» **Task item**: Exactly the lines from the start of the data below through the line containing "O Gauge Wooden Built LMS Ventilated Van" must be returned, and no others.

==== Data to use

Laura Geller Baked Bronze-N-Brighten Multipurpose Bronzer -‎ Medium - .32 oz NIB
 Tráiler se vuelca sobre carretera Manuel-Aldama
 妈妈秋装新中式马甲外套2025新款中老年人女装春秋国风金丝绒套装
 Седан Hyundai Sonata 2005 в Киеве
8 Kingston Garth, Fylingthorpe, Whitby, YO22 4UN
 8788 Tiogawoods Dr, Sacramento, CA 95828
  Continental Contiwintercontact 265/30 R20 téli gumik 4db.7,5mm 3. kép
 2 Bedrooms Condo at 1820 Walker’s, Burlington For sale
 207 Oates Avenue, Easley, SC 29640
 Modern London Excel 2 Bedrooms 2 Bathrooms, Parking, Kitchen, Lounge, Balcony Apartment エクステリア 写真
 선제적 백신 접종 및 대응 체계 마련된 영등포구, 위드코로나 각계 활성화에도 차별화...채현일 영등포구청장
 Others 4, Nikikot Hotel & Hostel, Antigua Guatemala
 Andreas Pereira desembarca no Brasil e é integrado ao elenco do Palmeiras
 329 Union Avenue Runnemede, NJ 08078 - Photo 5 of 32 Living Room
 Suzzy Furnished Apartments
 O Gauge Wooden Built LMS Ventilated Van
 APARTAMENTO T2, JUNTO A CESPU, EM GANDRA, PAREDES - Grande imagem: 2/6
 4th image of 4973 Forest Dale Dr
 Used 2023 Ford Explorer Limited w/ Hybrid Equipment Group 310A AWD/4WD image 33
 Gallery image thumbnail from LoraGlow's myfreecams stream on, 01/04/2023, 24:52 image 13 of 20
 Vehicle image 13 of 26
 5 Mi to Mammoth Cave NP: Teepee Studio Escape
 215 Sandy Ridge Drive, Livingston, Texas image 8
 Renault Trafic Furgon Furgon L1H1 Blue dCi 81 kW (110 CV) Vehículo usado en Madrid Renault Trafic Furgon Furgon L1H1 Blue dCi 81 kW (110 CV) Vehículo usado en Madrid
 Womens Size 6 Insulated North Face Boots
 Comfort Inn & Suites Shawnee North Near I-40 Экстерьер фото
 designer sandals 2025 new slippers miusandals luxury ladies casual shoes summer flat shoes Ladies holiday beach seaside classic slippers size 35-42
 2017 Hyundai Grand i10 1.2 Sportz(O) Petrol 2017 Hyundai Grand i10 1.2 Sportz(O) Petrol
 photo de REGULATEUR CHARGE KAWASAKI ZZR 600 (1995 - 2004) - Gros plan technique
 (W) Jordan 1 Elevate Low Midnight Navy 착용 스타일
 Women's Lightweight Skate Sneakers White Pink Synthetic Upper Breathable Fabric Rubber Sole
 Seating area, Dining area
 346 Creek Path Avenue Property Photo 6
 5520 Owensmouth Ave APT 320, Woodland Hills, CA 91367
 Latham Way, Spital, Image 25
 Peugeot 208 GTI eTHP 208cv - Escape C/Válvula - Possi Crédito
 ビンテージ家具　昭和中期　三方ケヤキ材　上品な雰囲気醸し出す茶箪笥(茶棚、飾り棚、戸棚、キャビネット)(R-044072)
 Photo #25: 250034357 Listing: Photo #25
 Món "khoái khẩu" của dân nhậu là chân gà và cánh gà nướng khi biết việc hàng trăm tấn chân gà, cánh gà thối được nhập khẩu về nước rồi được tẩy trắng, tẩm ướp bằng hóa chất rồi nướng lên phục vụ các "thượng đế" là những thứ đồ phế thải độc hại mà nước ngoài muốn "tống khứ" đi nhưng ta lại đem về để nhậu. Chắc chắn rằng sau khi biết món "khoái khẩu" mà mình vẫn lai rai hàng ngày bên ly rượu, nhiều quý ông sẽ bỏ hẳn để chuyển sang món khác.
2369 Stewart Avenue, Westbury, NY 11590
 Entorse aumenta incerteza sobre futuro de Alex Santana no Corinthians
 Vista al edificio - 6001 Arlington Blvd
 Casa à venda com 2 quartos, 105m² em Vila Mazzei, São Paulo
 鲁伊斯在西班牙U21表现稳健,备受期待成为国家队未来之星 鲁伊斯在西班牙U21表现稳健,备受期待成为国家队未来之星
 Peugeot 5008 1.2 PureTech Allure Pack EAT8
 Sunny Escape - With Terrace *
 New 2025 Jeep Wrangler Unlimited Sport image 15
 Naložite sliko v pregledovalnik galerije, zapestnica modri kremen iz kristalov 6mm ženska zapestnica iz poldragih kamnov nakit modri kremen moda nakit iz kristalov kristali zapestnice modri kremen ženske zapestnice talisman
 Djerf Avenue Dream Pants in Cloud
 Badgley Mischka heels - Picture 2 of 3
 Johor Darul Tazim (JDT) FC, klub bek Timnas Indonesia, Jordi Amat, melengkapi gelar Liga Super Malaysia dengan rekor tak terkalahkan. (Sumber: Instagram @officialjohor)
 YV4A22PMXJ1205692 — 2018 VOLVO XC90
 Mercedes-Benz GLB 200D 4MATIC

========

» **Completed task**:
Laura Geller Baked Bronze-N-Brighten Multipurpose Bronzer -‎ Medium - .32 oz NIB
 Tráiler se vuelca sobre carretera Manuel-Aldama
 妈妈秋装新中式马甲外套2025新款中老年人女装春秋国风金丝绒套装
 Седан Hyundai Sonata 2005 в Киеве
8 Kingston Garth, Fylingthorpe, Whitby, YO22 4UN
 8788 Tiogawoods Dr, Sacramento, CA 95828
  Continental Contiwintercontact 265/30 R20 téli gumik 4db.7,5mm 3. kép
 2 Bedrooms Condo at 1820 Walker’s, Burlington For sale
 207 Oates Avenue, Easley, SC 29640
 Modern London Excel 2 Bedrooms 2 Bathrooms, Parking, Kitchen, Lounge, Balcony Apartment エクステリア 写真
 선제적 백신 접종 및 대응 체계 마련된 영등포구, 위드코로나 각계 활성화에도 차별화...채현일 영등포구청장
 Others 4, Nikikot Hotel & Hostel, Antigua Guatemala
 Andreas Pereira desembarca no Brasil e é integrado ao elenco do Palmeiras
 329 Union Avenue Runnemede, NJ 08078 - Photo 5 of 32 Living Room
 Suzzy Furnished Apartments
 O Gauge Wooden Built LMS Ventilated Van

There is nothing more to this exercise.